(Source data)
- - - - - - -
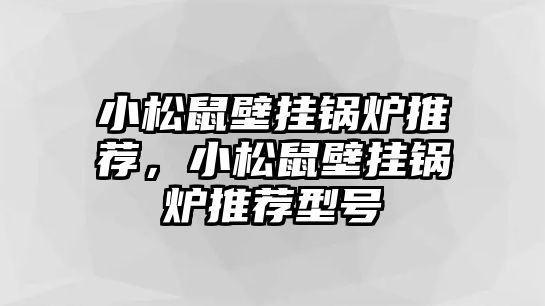 小松鼠壁掛鍋爐推薦，小松鼠壁掛鍋爐推薦型號(hào)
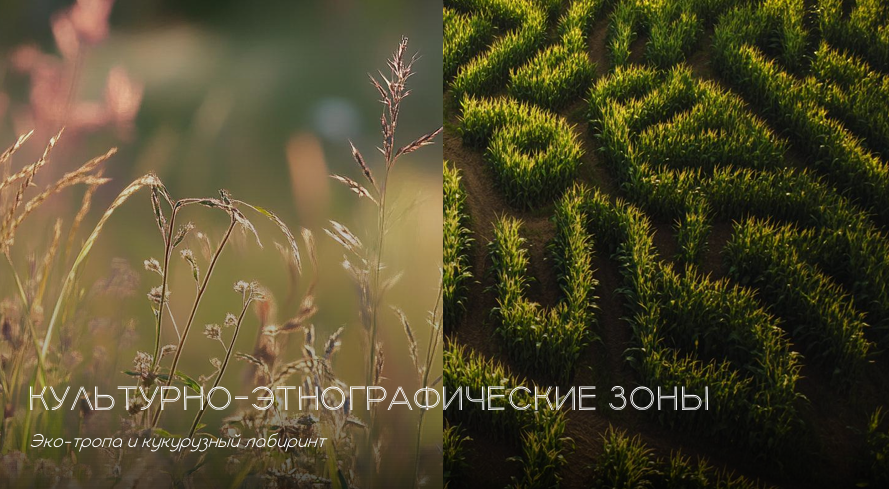 Лавандовая долина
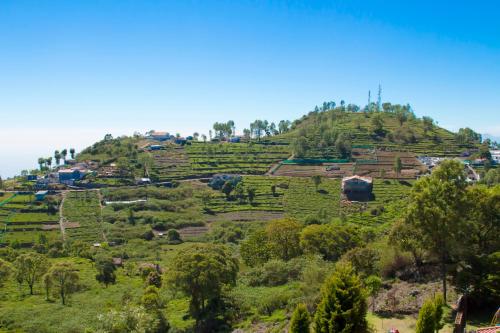 auliculiculiculiculiculiculiculiculiculiculiculiculiculiculic at The Royale Ridge in Kotagiri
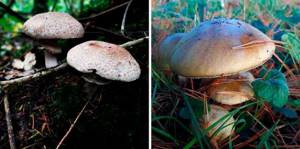 Разнообразие грибов: низшие грибы, высшие грибы и шляпочные грибы. Съедобные, несъедобные и ядовитые грибы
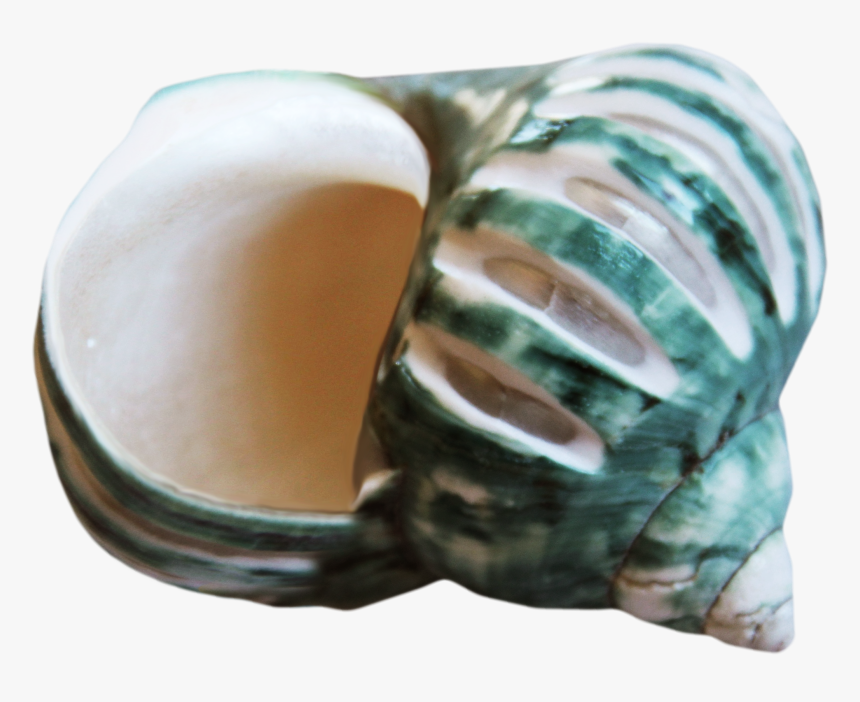 Beach Of La Concha - Egg, HD Png Download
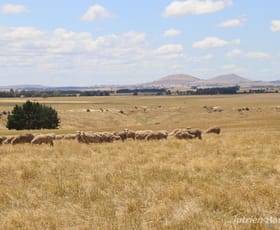 Rural / Farming commercial property sold at 3100 Ballarat-Maryborough Road Clunes VIC 3370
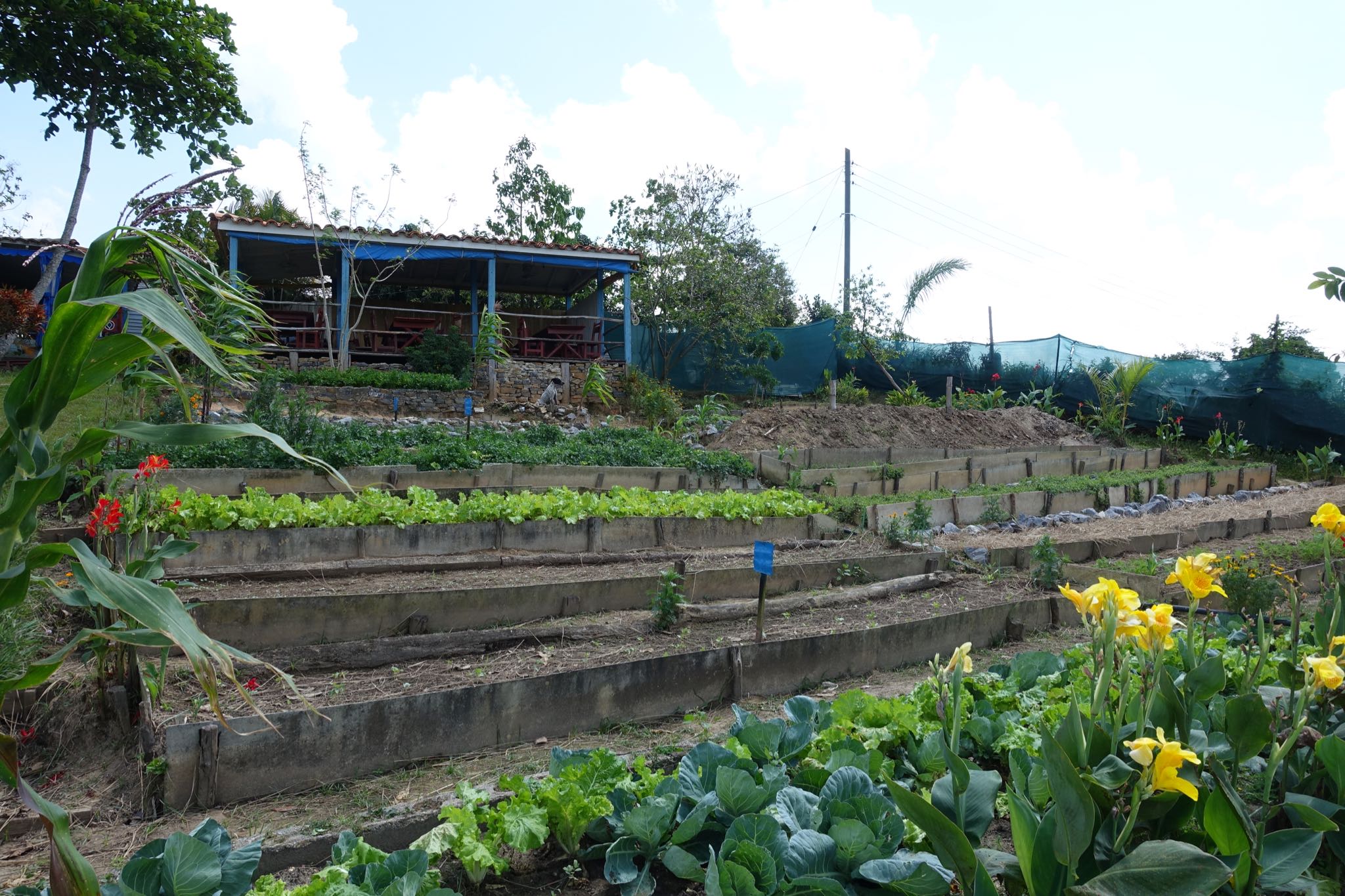 Photo 167 of 221 from the album Highlights Cuba 2019.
- - - - - - -
__Required action__
Every last line above must be reproduced as written, and no pictures belong in the copy.

__Task result__
 小松鼠壁掛鍋爐推薦，小松鼠壁掛鍋爐推薦型號(hào)
 Лавандовая долина
 auliculiculiculiculiculiculiculiculiculiculiculiculiculiculic at The Royale Ridge in Kotagiri
 Разнообразие грибов: низшие грибы, высшие грибы и шляпочные грибы. Съедобные, несъедобные и ядовитые грибы
 Beach Of La Concha - Egg, HD Png Download
 Rural / Farming commercial property sold at 3100 Ballarat-Maryborough Road Clunes VIC 3370
 Photo 167 of 221 from the album Highlights Cuba 2019.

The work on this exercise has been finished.